Recorded information:
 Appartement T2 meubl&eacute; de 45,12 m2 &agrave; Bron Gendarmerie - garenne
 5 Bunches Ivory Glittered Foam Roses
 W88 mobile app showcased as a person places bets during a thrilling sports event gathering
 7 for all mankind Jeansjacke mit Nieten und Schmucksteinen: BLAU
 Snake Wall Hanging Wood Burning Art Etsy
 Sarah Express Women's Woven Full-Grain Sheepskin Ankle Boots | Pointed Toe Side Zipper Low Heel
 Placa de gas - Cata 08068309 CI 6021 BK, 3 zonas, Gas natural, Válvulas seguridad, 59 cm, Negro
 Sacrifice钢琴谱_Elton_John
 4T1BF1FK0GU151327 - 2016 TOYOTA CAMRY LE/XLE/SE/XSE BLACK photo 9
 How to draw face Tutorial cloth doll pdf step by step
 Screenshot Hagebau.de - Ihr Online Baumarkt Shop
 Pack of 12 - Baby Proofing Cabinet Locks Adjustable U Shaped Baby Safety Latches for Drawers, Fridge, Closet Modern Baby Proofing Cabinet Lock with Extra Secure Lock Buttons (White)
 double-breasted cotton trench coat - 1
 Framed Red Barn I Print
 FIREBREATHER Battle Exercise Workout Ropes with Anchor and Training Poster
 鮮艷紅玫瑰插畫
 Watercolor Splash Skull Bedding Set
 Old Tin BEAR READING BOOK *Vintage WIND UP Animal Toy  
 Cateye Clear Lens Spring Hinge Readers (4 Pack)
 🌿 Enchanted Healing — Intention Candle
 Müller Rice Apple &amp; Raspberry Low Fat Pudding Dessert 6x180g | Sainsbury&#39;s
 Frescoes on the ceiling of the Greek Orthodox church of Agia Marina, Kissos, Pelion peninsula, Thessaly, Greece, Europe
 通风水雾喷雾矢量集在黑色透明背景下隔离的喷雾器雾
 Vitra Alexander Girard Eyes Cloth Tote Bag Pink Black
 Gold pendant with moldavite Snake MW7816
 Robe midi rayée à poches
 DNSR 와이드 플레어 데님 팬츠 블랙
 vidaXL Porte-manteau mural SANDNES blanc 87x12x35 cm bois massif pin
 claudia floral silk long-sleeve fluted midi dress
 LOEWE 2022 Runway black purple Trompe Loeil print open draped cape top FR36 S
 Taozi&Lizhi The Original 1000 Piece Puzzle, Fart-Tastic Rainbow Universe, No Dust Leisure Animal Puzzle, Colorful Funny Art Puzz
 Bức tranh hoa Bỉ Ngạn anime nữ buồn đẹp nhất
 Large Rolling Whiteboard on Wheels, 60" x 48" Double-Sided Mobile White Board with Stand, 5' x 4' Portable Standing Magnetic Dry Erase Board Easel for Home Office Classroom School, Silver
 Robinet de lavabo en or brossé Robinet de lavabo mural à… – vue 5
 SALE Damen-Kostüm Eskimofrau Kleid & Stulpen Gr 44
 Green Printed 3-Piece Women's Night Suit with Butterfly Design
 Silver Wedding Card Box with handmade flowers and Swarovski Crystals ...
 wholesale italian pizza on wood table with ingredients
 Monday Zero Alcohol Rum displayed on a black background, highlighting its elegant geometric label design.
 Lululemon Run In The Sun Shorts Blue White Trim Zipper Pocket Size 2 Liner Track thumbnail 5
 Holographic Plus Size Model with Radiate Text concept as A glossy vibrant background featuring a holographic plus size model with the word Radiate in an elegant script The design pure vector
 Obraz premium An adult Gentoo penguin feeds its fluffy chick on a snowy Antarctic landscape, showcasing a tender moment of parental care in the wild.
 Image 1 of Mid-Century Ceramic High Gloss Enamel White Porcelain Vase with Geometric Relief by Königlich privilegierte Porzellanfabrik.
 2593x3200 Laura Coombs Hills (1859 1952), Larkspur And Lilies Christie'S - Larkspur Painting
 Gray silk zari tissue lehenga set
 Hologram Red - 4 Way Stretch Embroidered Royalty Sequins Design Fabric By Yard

What you will do:
No line may be altered or left out when the data is written out.

Result for this task:
 Appartement T2 meubl&eacute; de 45,12 m2 &agrave; Bron Gendarmerie - garenne
 5 Bunches Ivory Glittered Foam Roses
 W88 mobile app showcased as a person places bets during a thrilling sports event gathering
 7 for all mankind Jeansjacke mit Nieten und Schmucksteinen: BLAU
 Snake Wall Hanging Wood Burning Art Etsy
 Sarah Express Women's Woven Full-Grain Sheepskin Ankle Boots | Pointed Toe Side Zipper Low Heel
 Placa de gas - Cata 08068309 CI 6021 BK, 3 zonas, Gas natural, Válvulas seguridad, 59 cm, Negro
 Sacrifice钢琴谱_Elton_John
 4T1BF1FK0GU151327 - 2016 TOYOTA CAMRY LE/XLE/SE/XSE BLACK photo 9
 How to draw face Tutorial cloth doll pdf step by step
 Screenshot Hagebau.de - Ihr Online Baumarkt Shop
 Pack of 12 - Baby Proofing Cabinet Locks Adjustable U Shaped Baby Safety Latches for Drawers, Fridge, Closet Modern Baby Proofing Cabinet Lock with Extra Secure Lock Buttons (White)
 double-breasted cotton trench coat - 1
 Framed Red Barn I Print
 FIREBREATHER Battle Exercise Workout Ropes with Anchor and Training Poster
 鮮艷紅玫瑰插畫
 Watercolor Splash Skull Bedding Set
 Old Tin BEAR READING BOOK *Vintage WIND UP Animal Toy  
 Cateye Clear Lens Spring Hinge Readers (4 Pack)
 🌿 Enchanted Healing — Intention Candle
 Müller Rice Apple &amp; Raspberry Low Fat Pudding Dessert 6x180g | Sainsbury&#39;s
 Frescoes on the ceiling of the Greek Orthodox church of Agia Marina, Kissos, Pelion peninsula, Thessaly, Greece, Europe
 通风水雾喷雾矢量集在黑色透明背景下隔离的喷雾器雾
 Vitra Alexander Girard Eyes Cloth Tote Bag Pink Black
 Gold pendant with moldavite Snake MW7816
 Robe midi rayée à poches
 DNSR 와이드 플레어 데님 팬츠 블랙
 vidaXL Porte-manteau mural SANDNES blanc 87x12x35 cm bois massif pin
 claudia floral silk long-sleeve fluted midi dress
 LOEWE 2022 Runway black purple Trompe Loeil print open draped cape top FR36 S
 Taozi&Lizhi The Original 1000 Piece Puzzle, Fart-Tastic Rainbow Universe, No Dust Leisure Animal Puzzle, Colorful Funny Art Puzz
 Bức tranh hoa Bỉ Ngạn anime nữ buồn đẹp nhất
 Large Rolling Whiteboard on Wheels, 60" x 48" Double-Sided Mobile White Board with Stand, 5' x 4' Portable Standing Magnetic Dry Erase Board Easel for Home Office Classroom School, Silver
 Robinet de lavabo en or brossé Robinet de lavabo mural à… – vue 5
 SALE Damen-Kostüm Eskimofrau Kleid & Stulpen Gr 44
 Green Printed 3-Piece Women's Night Suit with Butterfly Design
 Silver Wedding Card Box with handmade flowers and Swarovski Crystals ...
 wholesale italian pizza on wood table with ingredients
 Monday Zero Alcohol Rum displayed on a black background, highlighting its elegant geometric label design.
 Lululemon Run In The Sun Shorts Blue White Trim Zipper Pocket Size 2 Liner Track thumbnail 5
 Holographic Plus Size Model with Radiate Text concept as A glossy vibrant background featuring a holographic plus size model with the word Radiate in an elegant script The design pure vector
 Obraz premium An adult Gentoo penguin feeds its fluffy chick on a snowy Antarctic landscape, showcasing a tender moment of parental care in the wild.
 Image 1 of Mid-Century Ceramic High Gloss Enamel White Porcelain Vase with Geometric Relief by Königlich privilegierte Porzellanfabrik.
 2593x3200 Laura Coombs Hills (1859 1952), Larkspur And Lilies Christie'S - Larkspur Painting
 Gray silk zari tissue lehenga set
 Hologram Red - 4 Way Stretch Embroidered Royalty Sequins Design Fabric By Yard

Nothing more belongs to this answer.